Based on years of observation and study on historical seismic data, Chinese scholars calculated the occurrence ratio of various seismic sequences with Ms > 5.0 in the Chinese mainland from 1070 to 2004. Isolated seismic type, mainshock type, and multi-earthquake type account for 23%, 59%, and 18% respectively, indicating that 77% of earthquakes are accompanied by aftershocks (even strong ones). Wu et al. (1990) conducted statistical analysis of seismic data worldwide and found that the foreshock-mainshock type seismic sequence and mainshock-aftershock type seismic sequence accounted for 20–40% and 60–80%, respectively. After the mainshock occurs, the rock mass and the structure will be damaged to a certain extent. However, foreshock sequence or aftershock sequence can further accumulate damage to the rock mass and structure, thereby deepening the degree of earthquake damage (Xiao et al. 2022), which suggests the nonnegligible influence of seismic sequence on rock mass and structure (Yang et al. 2021).

Mahin (1980), Amadio et al. (2003), Lee and Foutch (2004), Hatzigeorgiou and Liolios (2010), and other scholars studied the dynamic response of nonlinear single degree of freedom system, elastic stiffness model, and RC frame structure model under the main-aftershock seismic sequence by means of theoretical analysis and model test, and revealed the influence of sequential earthquakes on dynamic damage of different system models. Krawinkler and Zhorei (1983), Krawinkler and Nassar (1992), Kachanov (1958), Kachanov and Krajcinovic (1986), Rabotnov (1963), Lemaitre (1971), and Krajcinovic (1989) proposed damage evaluation methods and technical indexes applicable to elastic, elastic plastic, and plastic materials based on the theory of damage mechanics. Starting from the macroscopic performance indexes of materials, components and structures, Shen and Dong (1997), Park and Ang (1985), Kato and Akiyama (1975), Satish (1994), and Gosain et al. (1977) established a damage theory model based on theoretical analysis. Ruiz-García and Negrete-Manriquez (2011), Liolios et al. (2013), Goda and Salami (2014), and Ludovico et al. (2013) studied the nonlinear response of steel frame structure model, continuous beam bridge structure model, and wood frame structure model through theoretical analysis, numerical calculation, and model test, and obtained the nonlinear response and structural damage index under different combinations of seismic sequences. Taken together, there are four main methods to study earthquake sequence and structural damage analysis: prototype observation, model test, theoretical analysis, and numerical calculation. The mainshock is typically accompanied by strong aftershocks, resulting in further structural damage.

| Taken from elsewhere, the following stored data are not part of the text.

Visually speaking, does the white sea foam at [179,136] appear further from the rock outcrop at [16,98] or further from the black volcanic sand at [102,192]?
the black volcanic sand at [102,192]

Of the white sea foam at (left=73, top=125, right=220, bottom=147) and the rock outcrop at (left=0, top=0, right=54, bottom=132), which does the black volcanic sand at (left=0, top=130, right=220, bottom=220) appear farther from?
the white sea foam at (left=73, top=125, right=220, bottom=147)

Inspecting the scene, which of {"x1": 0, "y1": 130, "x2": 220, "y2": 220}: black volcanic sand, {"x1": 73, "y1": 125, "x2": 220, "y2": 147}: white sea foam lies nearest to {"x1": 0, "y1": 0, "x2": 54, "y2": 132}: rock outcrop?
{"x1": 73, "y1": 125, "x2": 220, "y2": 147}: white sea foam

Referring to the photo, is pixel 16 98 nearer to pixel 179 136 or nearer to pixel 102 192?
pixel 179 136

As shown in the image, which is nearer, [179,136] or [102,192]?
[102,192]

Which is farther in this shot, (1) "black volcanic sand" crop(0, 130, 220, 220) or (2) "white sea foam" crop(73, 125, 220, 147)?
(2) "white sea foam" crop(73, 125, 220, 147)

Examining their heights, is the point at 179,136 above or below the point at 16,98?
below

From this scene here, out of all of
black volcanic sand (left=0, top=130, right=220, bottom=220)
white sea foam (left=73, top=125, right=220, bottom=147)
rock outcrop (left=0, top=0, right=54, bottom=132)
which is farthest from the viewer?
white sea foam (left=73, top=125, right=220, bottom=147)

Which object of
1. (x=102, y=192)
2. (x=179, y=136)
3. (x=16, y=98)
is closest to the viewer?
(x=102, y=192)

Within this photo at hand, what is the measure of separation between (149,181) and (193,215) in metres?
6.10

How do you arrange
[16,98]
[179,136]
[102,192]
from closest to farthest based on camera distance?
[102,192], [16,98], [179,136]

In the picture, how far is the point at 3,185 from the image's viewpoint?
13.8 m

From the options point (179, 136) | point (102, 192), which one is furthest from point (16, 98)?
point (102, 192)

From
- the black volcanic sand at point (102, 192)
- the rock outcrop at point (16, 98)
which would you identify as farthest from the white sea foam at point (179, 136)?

According to the post-disaster investigation in Wenchuan (Pai 2022), anchor cable anti-slide pile exhibited favorable seismic performance. However, some piles still appeared the phenomenon of anchor head failure under the earthquake action. The seismic performance of the anchor head is directly related to the dynamic stability of the slope under earthquake action. In terms of engineering geology and geotechnical engineering, scholars only focus on the interaction between the mainshock on rock mass and associated structure through numerical calculation and model test at the current stage (Ai et al. 2018), while little attention is paid to the interaction effects of rock mass under different seismic sequences. Wang (2010) studied the damage effect of embankment model for the first time using two seismic sequences of “large-medium seismic type” and “medium-large seismic type” in shaking table test. Sun et al. (2018) carried out the shaking table test on piled slopes with different water contents, then compared and analyzed their acceleration response characteristics and slope top displacement development trends under continuous seismic sequences. To sum up, the deformation of rock mass and structure varies with different seismic sequences, and appropriate loading methods can truly reproduce their dynamic responses under earthquakes. The shaking table test can actively simulate earthquake excitation, and reduce the physical phenomena of structures under earthquake by controlling key parameters. And targeted research can be carried out under this condition.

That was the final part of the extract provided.